Testing and Debugging | RISC OS Rambles

Nightly Build

When we started with RISCOS Ltd, there was a whole lot of newness to developing an Operating System. It's quite different to just tinkering with things, and working to your own standards. One of the first things we set up was the Build Machine. This was a machine that could, at any time, produce an ROM from the latest source, and could be used for testing stuff so that we didn't break our own, working, machines. Also, running a full build was reasonably stressful for the system, and so was a good test of the new build.

It was set up to run builds with !Alarm. By the time we got in to the office in the morning, the clean build of the current checked in source would have been completed. The only thing would be left would be to press Return to accept that this was an experimental build (rather than a release build which would be given a part number and logged in our archive). This usually helped find those odd little build errors that crept in when you didn't test all the components that your change affected. It also gave FileCore a bit of a thrashing, as that was one of the areas that needed testing.

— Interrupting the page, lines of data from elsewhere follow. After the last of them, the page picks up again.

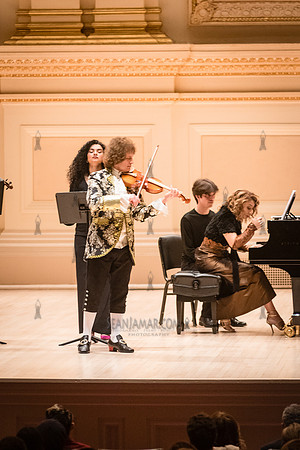 Baroque To Rock - Carnegie Hall - NYC - 2024
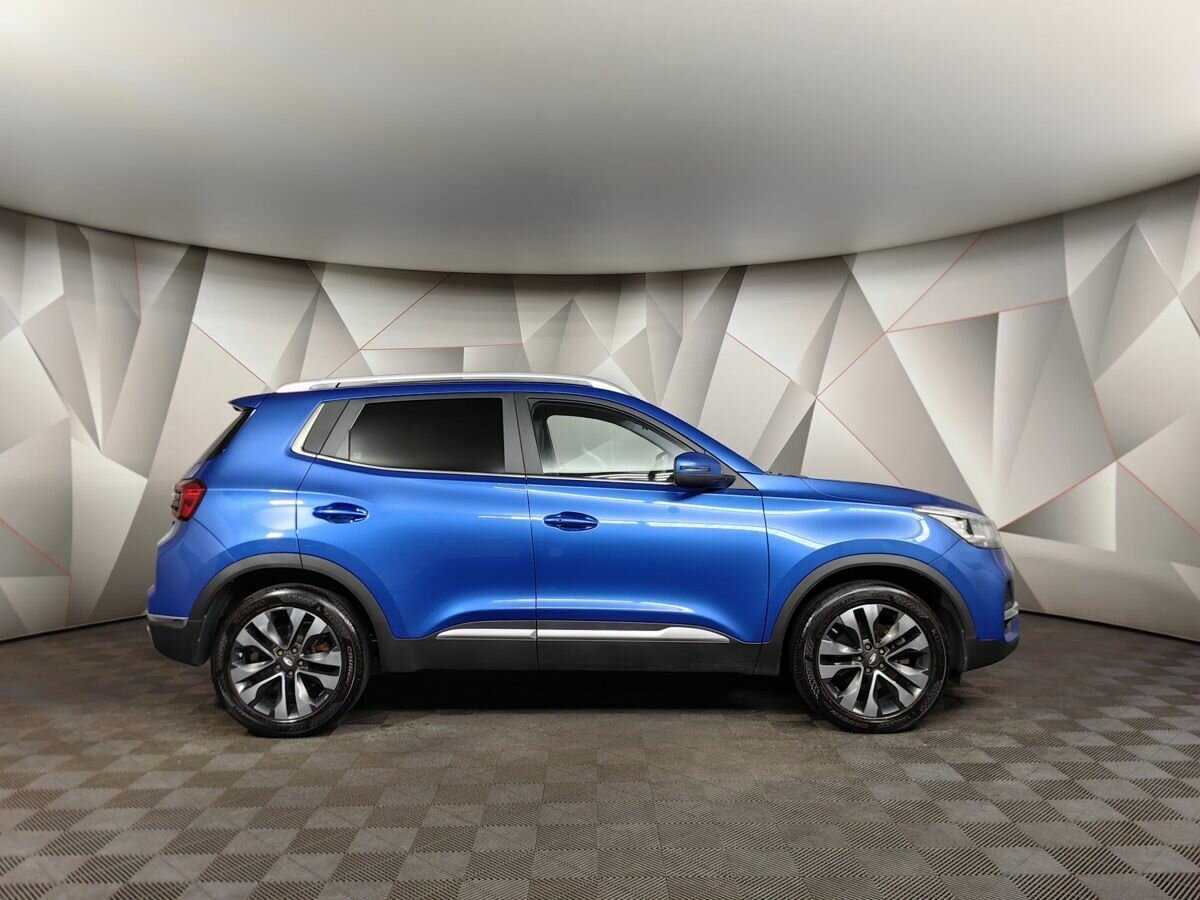 CHERY Tiggo 4, 2020 - 97 834 км. | Фото №6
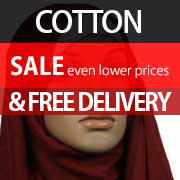 Cotton Hijab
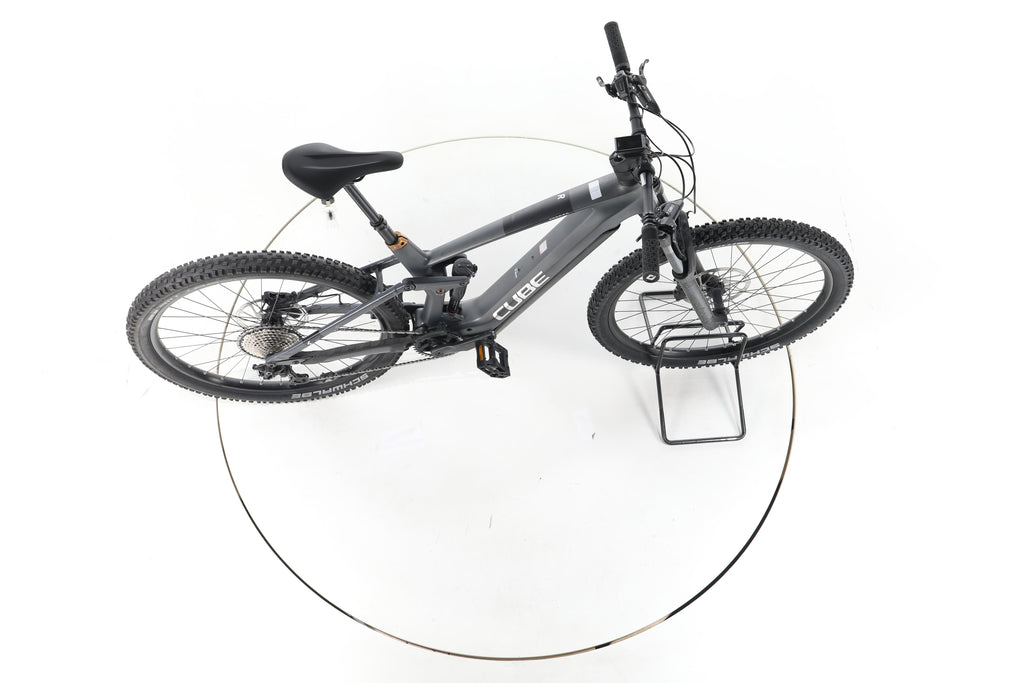 Cube Stereo Hybrid 140 HPC Race Fully E-Bike Carbon - Image 13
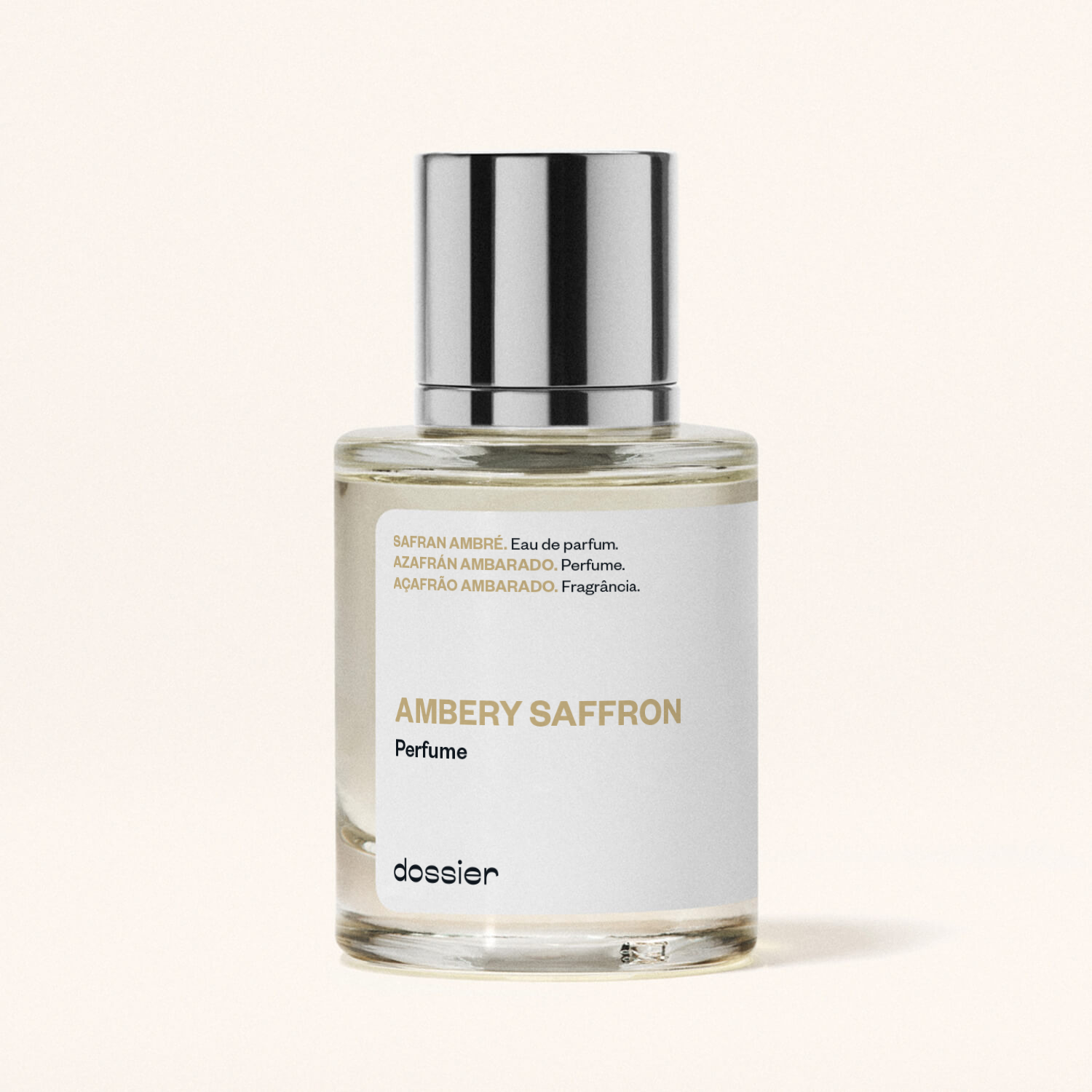 Dossier ambery outlet saffron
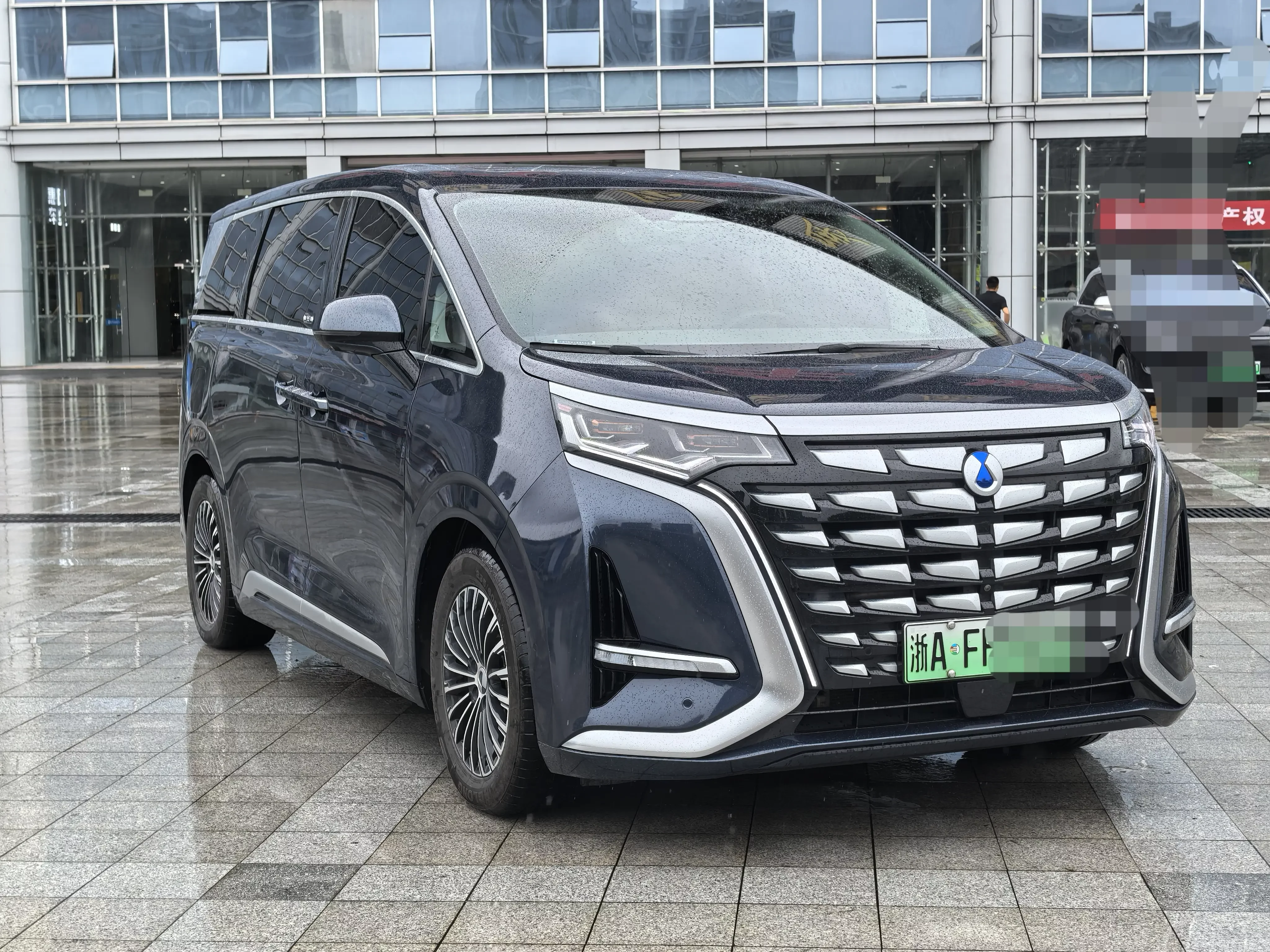 Denza D9 DM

The build would then be used for the day's testing. Occasionally Dave Ward would pop down, pick up the latest build and we'd list the things that we changed since the previous build. He'd run it for a day or so, focusing on the area that we had been working on, and at the end of a day would come down with a short list of things that he had found.

Controlled testing it was not. But we had the right idea with the automated builds. As the full clean build took a while, it wasn't practical to do them all the time.

!BCTD One evening I wrote the !BCTD - Build Control Thing Daemon - which was intended to make it easier to use the build system without having to actively worry about it. It could run jobs and notify us on completion. Essentially it was just a TaskWindow with internal buffers, which could run tasks and notify you of the outcome. The output from the jobs could either be displayed to the connected session - you just connected with a raw session and typed line based commands - or to a port on your machine (ttylink, mostly - as !JFTerm supported that), or to a port you connected to on the build machine, or to a file. Or it could tail the output as it arrived. It might even have been able to email you, but I can't remember.

I thought it was pretty useful as a way to control the builds and remove the need to monitor long running builds. We never really used it, though. I don't think that was a bad thing, and it wasn't really a tool we needed, but could have been useful with a bit more work.

FileCore

During our development of RISC OS 4, one particularly fun problem that we encountered was a collection of crashes caused by FileCore. FileCore, in Ursula, had been updated to handle long filenames and much larger discs with a lower 'Large File Allocation Unit' (essentially 'less wastage'). However, this hadn't been finished and there were still issues. After much frustration, it was found that debatching mail and news in !Newsbase could be guaranteed to hit the issues, eventually. It might take a while, but it was a reliable way to provoke the failure.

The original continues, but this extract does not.